Listen to some of the Marc Andreessen interviews promoting cryptocurrency in 2021.
Do that and you will never listen to him or his associates again.
They don’t make money by being right, they make money by exposing LPs to risk. Zero commitment to insight. Intellectual production goes only so far as to attract funding.
Also... they don't make money by promoting things that are good ideas that make sense. That's why every lucky billionaire tech bro that gets into VC ultimately invests in smart toilets. Ultimately, they just keep putting money into each slot machine they can find until one of them pays out a jackpot. Eventually one of them will make up for all the other losses.
Well, yeah. Vibe coding as in letting AI one-shot an app with a vague description still doesn't work except on trivial, throwaway stuff. But... spec-driven development with automated stepwise refinement by agents recursively generating, testing, and improving the code is how software engineering is done in the late 2020s.
You write that in italics as if to imply it’s a law that cannot be questioned. Quite a number of shops do not engineer software like that, or only engineer software like that where it fits the environment the software lives in, or otherwise sit at numerous points along the gradient between “software engineering as it has been known for decades” and “fully computer generated software”.
> "You have this innovation bazooka with these models.
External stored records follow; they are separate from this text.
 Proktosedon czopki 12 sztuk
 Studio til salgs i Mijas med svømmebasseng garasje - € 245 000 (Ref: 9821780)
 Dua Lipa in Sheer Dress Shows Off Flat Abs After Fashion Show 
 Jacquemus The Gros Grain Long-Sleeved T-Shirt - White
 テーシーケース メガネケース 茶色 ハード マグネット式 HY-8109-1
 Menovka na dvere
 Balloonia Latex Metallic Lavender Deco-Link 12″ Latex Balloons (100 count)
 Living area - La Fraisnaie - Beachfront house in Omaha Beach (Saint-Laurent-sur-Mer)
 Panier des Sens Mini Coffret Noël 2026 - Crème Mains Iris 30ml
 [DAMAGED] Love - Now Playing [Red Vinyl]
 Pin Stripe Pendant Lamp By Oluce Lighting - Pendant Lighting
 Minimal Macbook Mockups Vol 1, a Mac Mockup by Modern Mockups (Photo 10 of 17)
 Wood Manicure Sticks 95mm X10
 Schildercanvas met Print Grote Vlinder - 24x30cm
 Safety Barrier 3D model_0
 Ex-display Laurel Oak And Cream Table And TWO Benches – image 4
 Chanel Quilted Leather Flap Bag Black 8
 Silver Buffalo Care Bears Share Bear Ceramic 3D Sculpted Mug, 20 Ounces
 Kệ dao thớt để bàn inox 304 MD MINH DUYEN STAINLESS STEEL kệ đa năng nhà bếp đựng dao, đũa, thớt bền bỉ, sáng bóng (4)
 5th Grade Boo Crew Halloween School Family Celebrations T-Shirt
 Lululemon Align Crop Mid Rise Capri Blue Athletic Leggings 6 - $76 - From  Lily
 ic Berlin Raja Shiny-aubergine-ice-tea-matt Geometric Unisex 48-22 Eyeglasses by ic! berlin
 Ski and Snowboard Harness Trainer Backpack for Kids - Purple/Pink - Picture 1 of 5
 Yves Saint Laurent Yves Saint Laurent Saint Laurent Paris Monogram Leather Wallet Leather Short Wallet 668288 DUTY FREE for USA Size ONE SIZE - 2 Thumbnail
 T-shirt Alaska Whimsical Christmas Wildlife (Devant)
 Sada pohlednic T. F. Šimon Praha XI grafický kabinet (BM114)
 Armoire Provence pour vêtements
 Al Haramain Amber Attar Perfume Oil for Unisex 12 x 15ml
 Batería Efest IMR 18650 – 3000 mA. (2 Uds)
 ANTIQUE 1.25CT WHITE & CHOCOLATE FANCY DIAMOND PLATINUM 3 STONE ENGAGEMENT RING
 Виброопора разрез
Why would you point it at rebuilding payroll or ERP or CRM"
Most SaaS companies are just expensive wrappers on top of existing tools. For non-VC-funded companies, SaaS tools are a serious cost. If you can re-create them in-house with AI, why wouldn't you? The result is saving capital (which you can then employ to do the more innovative things), and being in control over your own data.
If this is actually viable, then SaaS will (be forced to) lower costs until it is no longer worthwhile.